## Records for the exercise:
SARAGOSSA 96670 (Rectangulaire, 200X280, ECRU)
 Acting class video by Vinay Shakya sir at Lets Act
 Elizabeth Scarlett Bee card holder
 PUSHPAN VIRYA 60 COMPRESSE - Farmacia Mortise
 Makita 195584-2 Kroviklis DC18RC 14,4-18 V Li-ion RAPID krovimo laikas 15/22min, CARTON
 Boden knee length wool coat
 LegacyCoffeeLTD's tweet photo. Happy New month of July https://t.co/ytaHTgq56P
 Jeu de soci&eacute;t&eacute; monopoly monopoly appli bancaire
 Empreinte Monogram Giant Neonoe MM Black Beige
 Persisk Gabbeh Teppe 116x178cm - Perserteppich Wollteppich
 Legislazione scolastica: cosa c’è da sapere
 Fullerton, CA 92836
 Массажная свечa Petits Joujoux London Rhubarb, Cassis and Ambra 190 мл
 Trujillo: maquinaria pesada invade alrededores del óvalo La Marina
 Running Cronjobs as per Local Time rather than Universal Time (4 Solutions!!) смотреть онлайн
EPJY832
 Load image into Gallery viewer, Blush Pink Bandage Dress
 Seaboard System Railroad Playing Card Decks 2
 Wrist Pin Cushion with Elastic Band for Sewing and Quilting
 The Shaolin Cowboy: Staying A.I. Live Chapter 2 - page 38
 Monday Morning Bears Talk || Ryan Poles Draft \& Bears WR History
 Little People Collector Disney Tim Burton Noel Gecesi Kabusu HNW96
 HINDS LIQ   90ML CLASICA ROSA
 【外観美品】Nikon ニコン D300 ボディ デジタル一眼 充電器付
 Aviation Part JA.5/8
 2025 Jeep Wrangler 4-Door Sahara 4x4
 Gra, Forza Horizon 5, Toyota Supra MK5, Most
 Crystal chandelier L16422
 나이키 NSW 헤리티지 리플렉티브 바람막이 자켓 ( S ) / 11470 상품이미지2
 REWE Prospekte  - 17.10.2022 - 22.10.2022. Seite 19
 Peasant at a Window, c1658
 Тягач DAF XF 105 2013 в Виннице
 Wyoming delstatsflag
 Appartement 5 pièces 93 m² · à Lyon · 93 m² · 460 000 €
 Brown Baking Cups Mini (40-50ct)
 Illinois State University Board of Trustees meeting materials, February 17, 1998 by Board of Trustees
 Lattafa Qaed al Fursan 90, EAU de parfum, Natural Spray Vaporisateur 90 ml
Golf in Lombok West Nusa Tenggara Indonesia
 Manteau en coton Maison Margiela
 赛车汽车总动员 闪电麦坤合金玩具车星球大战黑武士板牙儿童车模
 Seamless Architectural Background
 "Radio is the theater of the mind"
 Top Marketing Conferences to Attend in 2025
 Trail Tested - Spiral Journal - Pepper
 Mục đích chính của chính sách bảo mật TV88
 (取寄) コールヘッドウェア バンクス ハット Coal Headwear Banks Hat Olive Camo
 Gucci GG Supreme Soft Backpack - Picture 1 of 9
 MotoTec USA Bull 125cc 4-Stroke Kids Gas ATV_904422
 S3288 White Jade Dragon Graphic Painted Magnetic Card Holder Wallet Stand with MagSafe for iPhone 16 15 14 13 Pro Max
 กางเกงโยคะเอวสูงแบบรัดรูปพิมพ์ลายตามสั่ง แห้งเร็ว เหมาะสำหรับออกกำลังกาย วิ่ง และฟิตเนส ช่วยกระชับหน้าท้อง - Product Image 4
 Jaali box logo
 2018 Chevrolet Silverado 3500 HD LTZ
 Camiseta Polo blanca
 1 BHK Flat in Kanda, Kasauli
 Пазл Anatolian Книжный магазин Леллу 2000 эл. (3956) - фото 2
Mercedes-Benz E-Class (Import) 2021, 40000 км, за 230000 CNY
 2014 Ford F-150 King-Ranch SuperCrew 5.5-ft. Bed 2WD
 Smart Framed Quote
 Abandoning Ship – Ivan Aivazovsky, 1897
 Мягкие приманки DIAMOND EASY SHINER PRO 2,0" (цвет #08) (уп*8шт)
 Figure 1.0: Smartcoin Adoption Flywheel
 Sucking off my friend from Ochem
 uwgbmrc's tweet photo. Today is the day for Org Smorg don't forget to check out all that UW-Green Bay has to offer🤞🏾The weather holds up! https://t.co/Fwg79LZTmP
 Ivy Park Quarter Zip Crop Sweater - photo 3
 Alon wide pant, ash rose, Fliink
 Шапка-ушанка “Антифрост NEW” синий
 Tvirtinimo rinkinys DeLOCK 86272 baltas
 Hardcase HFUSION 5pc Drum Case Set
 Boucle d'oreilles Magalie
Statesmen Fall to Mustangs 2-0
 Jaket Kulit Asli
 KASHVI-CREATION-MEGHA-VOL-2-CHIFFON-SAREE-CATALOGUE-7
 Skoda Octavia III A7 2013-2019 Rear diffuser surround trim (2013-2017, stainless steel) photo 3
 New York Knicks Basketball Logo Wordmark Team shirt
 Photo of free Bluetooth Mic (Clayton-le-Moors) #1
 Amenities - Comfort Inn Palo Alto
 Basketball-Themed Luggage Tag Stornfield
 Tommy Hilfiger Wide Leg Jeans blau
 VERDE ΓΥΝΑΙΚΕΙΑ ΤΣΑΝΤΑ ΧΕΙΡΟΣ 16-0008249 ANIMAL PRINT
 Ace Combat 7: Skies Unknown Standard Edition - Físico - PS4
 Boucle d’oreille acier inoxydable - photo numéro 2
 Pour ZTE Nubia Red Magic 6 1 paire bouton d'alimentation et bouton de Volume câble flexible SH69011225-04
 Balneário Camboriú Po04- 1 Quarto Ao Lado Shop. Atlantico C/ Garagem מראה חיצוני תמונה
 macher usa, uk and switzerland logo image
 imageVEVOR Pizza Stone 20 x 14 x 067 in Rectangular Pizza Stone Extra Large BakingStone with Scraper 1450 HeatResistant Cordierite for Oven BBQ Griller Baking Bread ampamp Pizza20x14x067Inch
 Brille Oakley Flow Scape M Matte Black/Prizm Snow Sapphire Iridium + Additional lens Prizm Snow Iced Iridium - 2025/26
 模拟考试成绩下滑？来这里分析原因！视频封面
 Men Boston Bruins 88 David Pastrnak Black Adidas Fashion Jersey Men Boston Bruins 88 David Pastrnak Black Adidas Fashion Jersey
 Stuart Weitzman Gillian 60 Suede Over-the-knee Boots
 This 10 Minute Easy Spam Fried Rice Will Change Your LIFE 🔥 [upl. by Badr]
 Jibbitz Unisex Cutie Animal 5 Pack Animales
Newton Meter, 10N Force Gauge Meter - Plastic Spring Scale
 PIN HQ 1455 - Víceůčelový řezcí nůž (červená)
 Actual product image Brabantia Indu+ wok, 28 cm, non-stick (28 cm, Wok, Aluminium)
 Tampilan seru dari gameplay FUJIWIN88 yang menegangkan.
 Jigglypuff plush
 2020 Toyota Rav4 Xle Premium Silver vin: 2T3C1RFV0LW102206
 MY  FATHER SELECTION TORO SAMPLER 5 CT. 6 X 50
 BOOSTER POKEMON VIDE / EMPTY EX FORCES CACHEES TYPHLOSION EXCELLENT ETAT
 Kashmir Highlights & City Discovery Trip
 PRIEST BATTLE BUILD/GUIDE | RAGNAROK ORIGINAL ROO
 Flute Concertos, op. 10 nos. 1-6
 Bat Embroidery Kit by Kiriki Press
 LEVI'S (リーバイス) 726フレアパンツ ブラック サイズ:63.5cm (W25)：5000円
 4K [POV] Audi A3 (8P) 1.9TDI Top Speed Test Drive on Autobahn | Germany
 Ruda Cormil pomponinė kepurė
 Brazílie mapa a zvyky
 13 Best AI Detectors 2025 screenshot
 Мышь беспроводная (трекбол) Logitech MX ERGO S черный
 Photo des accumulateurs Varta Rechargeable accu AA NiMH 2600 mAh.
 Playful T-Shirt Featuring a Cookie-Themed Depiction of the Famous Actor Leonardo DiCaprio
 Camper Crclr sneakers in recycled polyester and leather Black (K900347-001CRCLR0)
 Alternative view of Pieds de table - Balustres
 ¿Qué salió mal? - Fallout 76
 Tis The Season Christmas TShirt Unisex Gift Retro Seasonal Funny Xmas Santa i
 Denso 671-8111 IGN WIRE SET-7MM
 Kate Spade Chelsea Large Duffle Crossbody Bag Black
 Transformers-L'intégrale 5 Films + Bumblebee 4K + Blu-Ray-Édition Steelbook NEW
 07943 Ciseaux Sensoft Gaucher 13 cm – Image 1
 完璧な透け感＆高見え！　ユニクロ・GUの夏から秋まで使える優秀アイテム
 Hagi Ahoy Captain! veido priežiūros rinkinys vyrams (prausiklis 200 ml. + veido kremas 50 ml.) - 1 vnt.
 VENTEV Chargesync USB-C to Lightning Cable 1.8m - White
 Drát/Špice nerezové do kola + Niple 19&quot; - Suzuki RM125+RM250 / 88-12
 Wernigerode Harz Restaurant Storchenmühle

## Problem statement:
Only those lines of the entries above that run from the line containing "Golf in Lombok West Nusa Tenggara Indonesia" to the line containing "uwgbmrc's tweet photo.", both included, should be transcribed exactly.

## Problem solution:
Golf in Lombok West Nusa Tenggara Indonesia
 Manteau en coton Maison Margiela
 赛车汽车总动员 闪电麦坤合金玩具车星球大战黑武士板牙儿童车模
 Seamless Architectural Background
 "Radio is the theater of the mind"
 Top Marketing Conferences to Attend in 2025
 Trail Tested - Spiral Journal - Pepper
 Mục đích chính của chính sách bảo mật TV88
 (取寄) コールヘッドウェア バンクス ハット Coal Headwear Banks Hat Olive Camo
 Gucci GG Supreme Soft Backpack - Picture 1 of 9
 MotoTec USA Bull 125cc 4-Stroke Kids Gas ATV_904422
 S3288 White Jade Dragon Graphic Painted Magnetic Card Holder Wallet Stand with MagSafe for iPhone 16 15 14 13 Pro Max
 กางเกงโยคะเอวสูงแบบรัดรูปพิมพ์ลายตามสั่ง แห้งเร็ว เหมาะสำหรับออกกำลังกาย วิ่ง และฟิตเนส ช่วยกระชับหน้าท้อง - Product Image 4
 Jaali box logo
 2018 Chevrolet Silverado 3500 HD LTZ
 Camiseta Polo blanca
 1 BHK Flat in Kanda, Kasauli
 Пазл Anatolian Книжный магазин Леллу 2000 эл. (3956) - фото 2
Mercedes-Benz E-Class (Import) 2021, 40000 км, за 230000 CNY
 2014 Ford F-150 King-Ranch SuperCrew 5.5-ft. Bed 2WD
 Smart Framed Quote
 Abandoning Ship – Ivan Aivazovsky, 1897
 Мягкие приманки DIAMOND EASY SHINER PRO 2,0" (цвет #08) (уп*8шт)
 Figure 1.0: Smartcoin Adoption Flywheel
 Sucking off my friend from Ochem
 uwgbmrc's tweet photo. Today is the day for Org Smorg don't forget to check out all that UW-Green Bay has to offer🤞🏾The weather holds up! https://t.co/Fwg79LZTmP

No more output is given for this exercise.